About the Museum

Construction of the house began in 1888 and was completed in 1895; the architect-builder was Charles A. Johnson. The exterior of the building is made of sandstone and limestone quarried locally and hand-chiseled. Native red oak is used throughout the interior of the building with hand-carved motifs adorning the windows and doors.

In 1885 Rufus Ayers served as Virginia's Attorney General. He and other gentlemen such as John Imboden, Charles Sears, George Carter, and John Taggart felt that Big Stone Gap could become the "Pittsburgh of the South" because of its iron ore and coal deposits. Rufus was instrumental in helping develop the coal and iron ore industry in Southwest Virginia and bringing the railroads to the area. Big Stone Gap, however, did not become the next Pittsburgh due to the economic depression.

The house was purchased by C. Bascom Slemp in 1929. Slemp, a native of Lee County, served many years in Congress and later became the private secretary to President Calvin Coolidge. C. Bascom and his sister, Janie Slemp Newman, had a love for Southwest Virginia, its people, history and rich culture. They collected artifacts depicting life of the area, which were originally displayed in the Janie Slemp Newman Museum. Before C. Bascom's death in 1943, he established The Slemp Foundation. It was his wish that the state acquire the Ayers' home for a museum and that the Janie Slemp Newman collection be given to the state for their museum.



The Southwest Virginia Museum is a member of the American
Alliance of Museums, the American Association of State and Local History, and the Virginia Association of Museums.

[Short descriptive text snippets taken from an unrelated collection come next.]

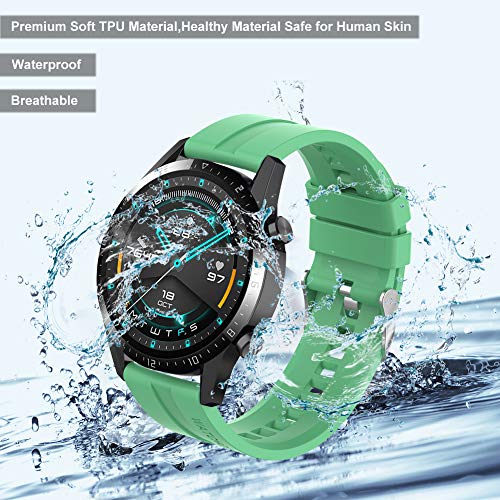 Find-MyWay Conpatible para Huawei Watch GT 2 (46mm)/Watch GT/Watch GT 2e/Watch GT2 Pro Correa para Mujer Hombre,22mm Silicona Deportiva Pulsera de Repuesto Banda Accesorios, Verde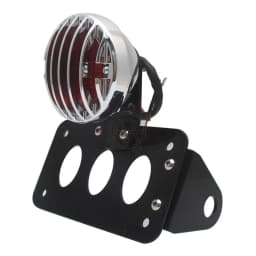 Universal 12V Motorcycle Side Mount Tail Light w/ License Number Plate Bracket For Harley Bobber Yamaha Honda Suzuki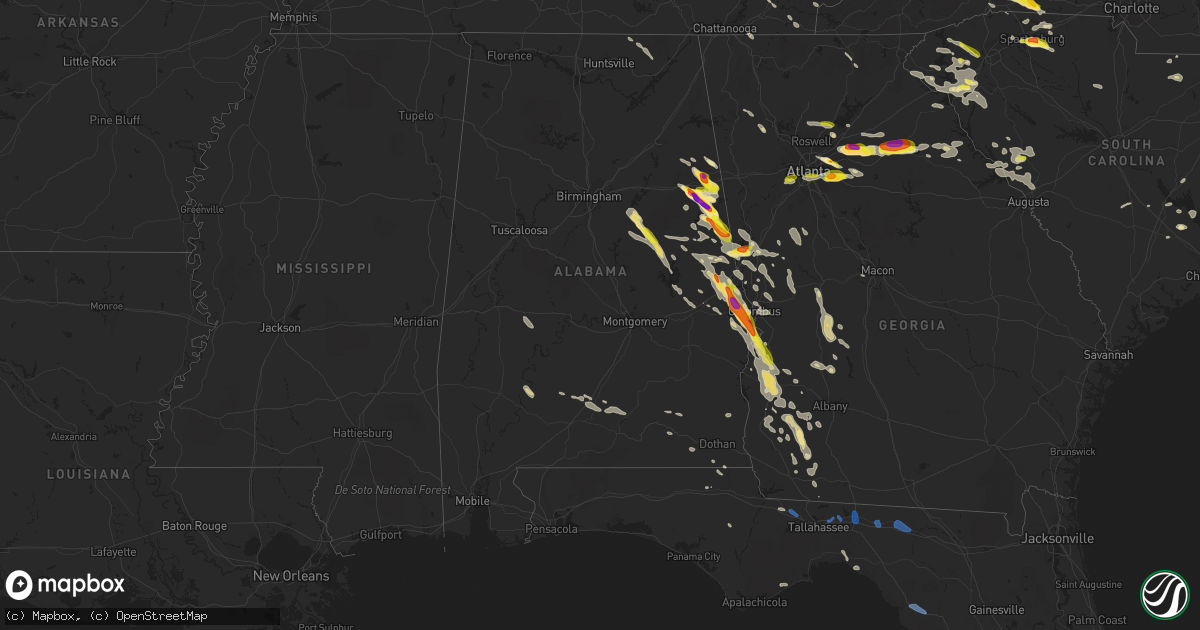Hail map in Alabama on July 21, 2018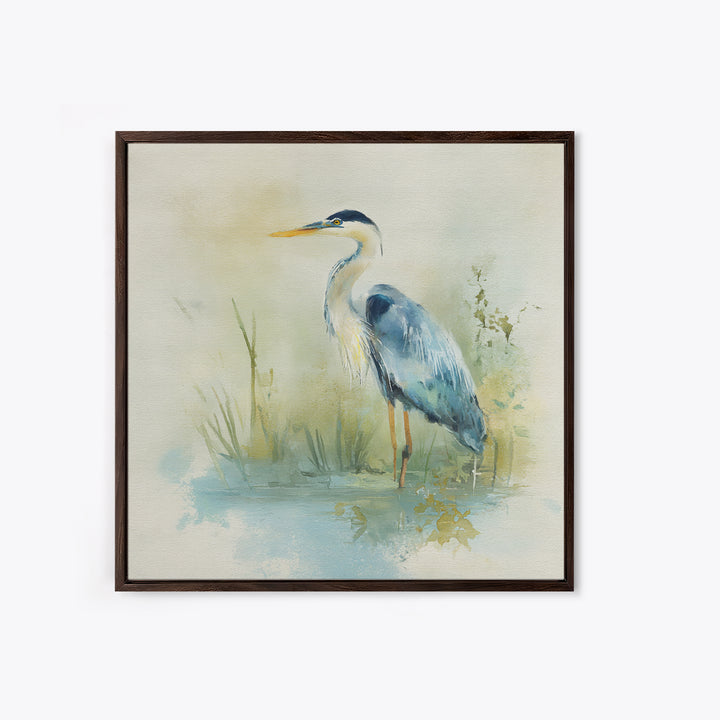 Blue Heron in Quiet Marsh Framed Canvas Print, Waiting Room Art, Therapy Office Decor, Waiting Room Decor, Abstract Art, Calm, WRA-1x1-84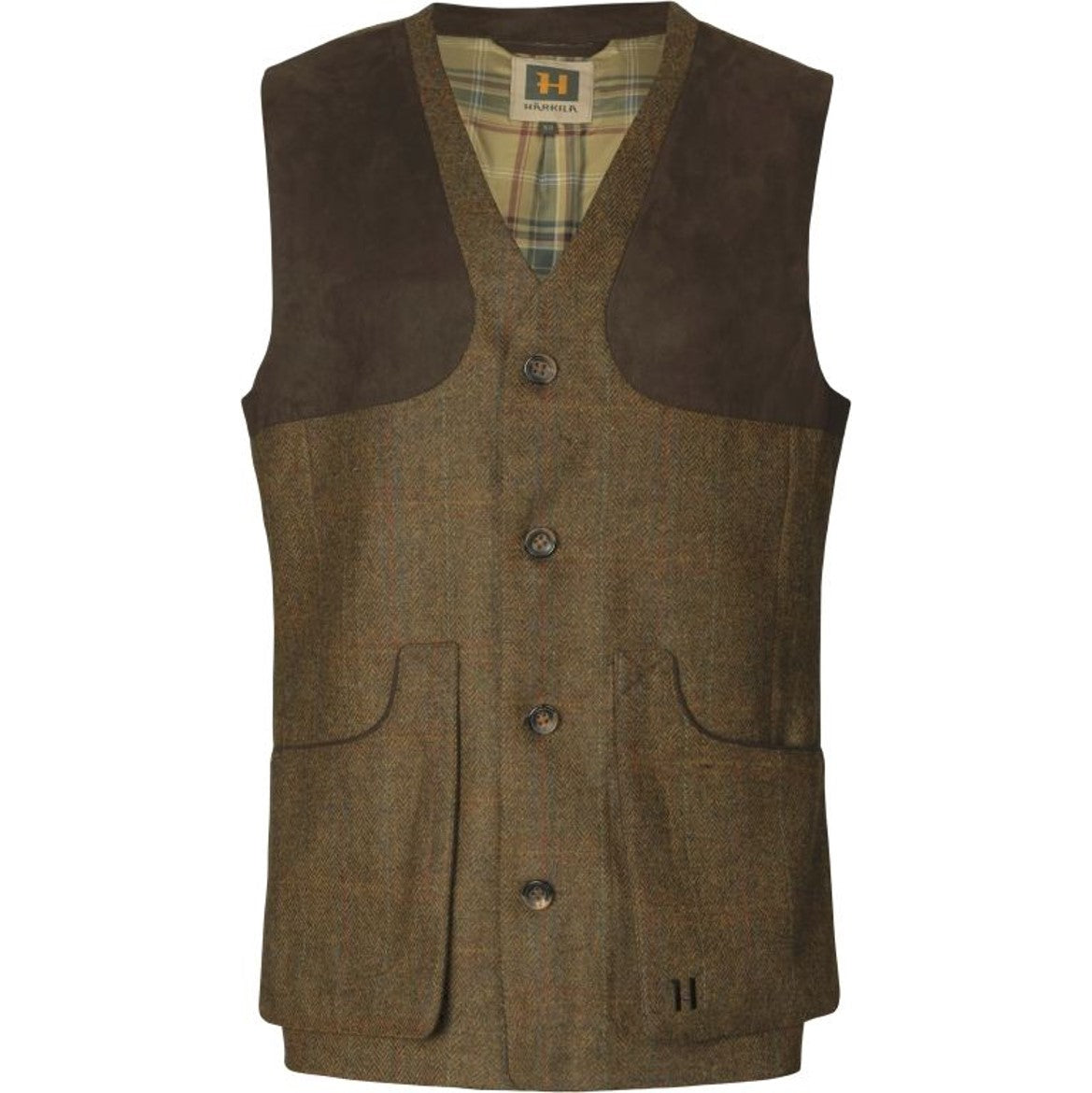 Harkila Kenmore GTX Tweed Shooting Waistcoat Terragon Brown 1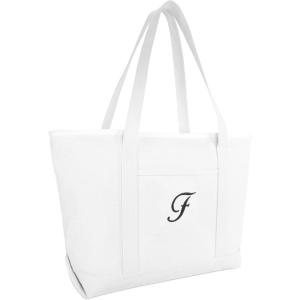 imageDALIX Large Canvas Tote Bag for Women Work Bag Beach Totes Monogrammed White A  ZF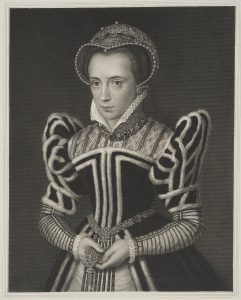 Engraved portrait of a young Queen Mary I.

In 1946, the Commonwealth of Virginia acquired the Ayers' home, and the Slemp Foundation donated the collection. The Southwest Virginia Museum Historical State Park was officially dedicated by the state on May 30, 1948. The museum is managed by the Department of Conservation and Recreation and explores the lives of the men and women who settled in and around the area. The exhibits depict the early "boom and bust" era of the late 1800s. Life at the turn of the century can be seen by such items as mail-order catalogs, photographs, and radios. Artifacts from the early settlers who developed the area in the late 1700s are also on display. Also in the collection are rare pieces that C. Bascom and Janie acquired during their travels. The collection includes a set of Disraeli china which Queen Victoria had made for her Prime Minister Benjamin Disraeli. Also included are fine French paintings, a cassone, which is an Italian hope chest, and antiquities from the Asia and the Middle East.